House prices jump $52,600 in three months
House prices in Australia are currently 19% higher than before the pandemic hit our shores. The Reserve Bank of Australia isn’t planning on increasing interest rates for years to come.
Having housing prices continue to increase relative is not ideal for the average home owner, but the RBA doesn’t see its role as one of creating monetary policy to target house prices.
As it stands, the RBA will not consider lifting the cash rate until the annual national average wages growth is at least 3 per cent and inflation within 2-3%. Not before 2024 at the earliest.
One way of curbing housing prices indirectly however is through the influence of land value upon which the houses are being built.
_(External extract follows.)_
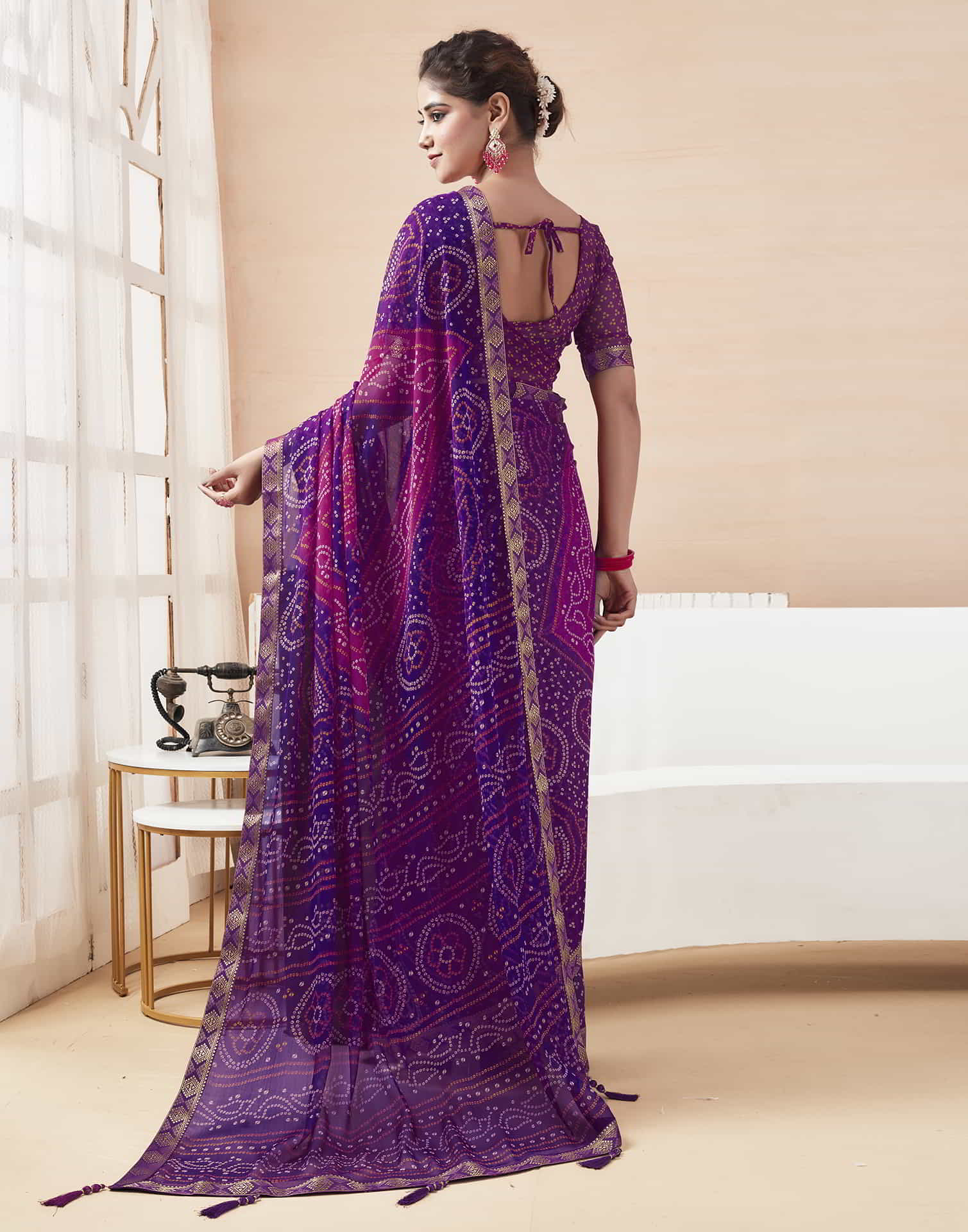 Purple Bandhani Chiffon Saree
But is this enough?
In the June quarter of this year, there was an increase in property prices of 6.7% – the strongest quarterly growth since 2003. The mean price of residential dwellings increased by $52,600 in the same quarter, to hit $835,700.
The biggest growth was in Sydney at 8.1%, followed by Melbourne at 6.1% then Brisbane at 5.1%.
The RBA anticipates that once the current restrictions are eased, household spending will increase (people are not spending as much during lockdown). Record low interest rates means that money is cheap. However in the case of people coming out of lockdowns, it’s likely that they’ll be spending savings rather than credit.
The Australian economy was recovering well from last year’s pandemic hit but then Delta hit. The RBA says it expects the economy will now contract significantly in the September quarter. Further, it expects the economy to take longer to recover from the recent lockdowns. It is anticipated that the economy will grow again in the December quarter and potential be back to a pre-COVID trend by the middle of next year.
Reserve Bank Governor Phillip Lowe said that increasing rates of vaccination and easing of restrictions will play a fundamental role in how fast the Australian economy can recover.